[Data records]
-------
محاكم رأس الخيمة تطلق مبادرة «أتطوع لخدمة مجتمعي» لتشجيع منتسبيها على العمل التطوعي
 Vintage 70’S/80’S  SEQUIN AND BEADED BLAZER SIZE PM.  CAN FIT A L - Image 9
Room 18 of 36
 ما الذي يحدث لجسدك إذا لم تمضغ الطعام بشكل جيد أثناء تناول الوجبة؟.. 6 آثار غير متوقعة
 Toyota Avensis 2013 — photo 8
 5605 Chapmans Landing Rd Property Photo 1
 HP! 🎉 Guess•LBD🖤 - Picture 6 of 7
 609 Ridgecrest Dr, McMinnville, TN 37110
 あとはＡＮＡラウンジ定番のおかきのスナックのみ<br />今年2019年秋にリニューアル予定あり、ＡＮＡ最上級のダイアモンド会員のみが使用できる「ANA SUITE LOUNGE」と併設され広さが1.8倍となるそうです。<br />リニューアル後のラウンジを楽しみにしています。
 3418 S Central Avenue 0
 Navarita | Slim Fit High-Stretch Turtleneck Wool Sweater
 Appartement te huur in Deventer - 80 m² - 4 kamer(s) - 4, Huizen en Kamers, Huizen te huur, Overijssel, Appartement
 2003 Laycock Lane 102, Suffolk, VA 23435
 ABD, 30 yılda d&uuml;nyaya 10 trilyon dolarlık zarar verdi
-------
## Work order
Down to the last line, return the data above exactly.

## Response to the task
محاكم رأس الخيمة تطلق مبادرة «أتطوع لخدمة مجتمعي» لتشجيع منتسبيها على العمل التطوعي
 Vintage 70’S/80’S  SEQUIN AND BEADED BLAZER SIZE PM.  CAN FIT A L - Image 9
Room 18 of 36
 ما الذي يحدث لجسدك إذا لم تمضغ الطعام بشكل جيد أثناء تناول الوجبة؟.. 6 آثار غير متوقعة
 Toyota Avensis 2013 — photo 8
 5605 Chapmans Landing Rd Property Photo 1
 HP! 🎉 Guess•LBD🖤 - Picture 6 of 7
 609 Ridgecrest Dr, McMinnville, TN 37110
 あとはＡＮＡラウンジ定番のおかきのスナックのみ<br />今年2019年秋にリニューアル予定あり、ＡＮＡ最上級のダイアモンド会員のみが使用できる「ANA SUITE LOUNGE」と併設され広さが1.8倍となるそうです。<br />リニューアル後のラウンジを楽しみにしています。
 3418 S Central Avenue 0
 Navarita | Slim Fit High-Stretch Turtleneck Wool Sweater
 Appartement te huur in Deventer - 80 m² - 4 kamer(s) - 4, Huizen en Kamers, Huizen te huur, Overijssel, Appartement
 2003 Laycock Lane 102, Suffolk, VA 23435
 ABD, 30 yılda d&uuml;nyaya 10 trilyon dolarlık zarar verdi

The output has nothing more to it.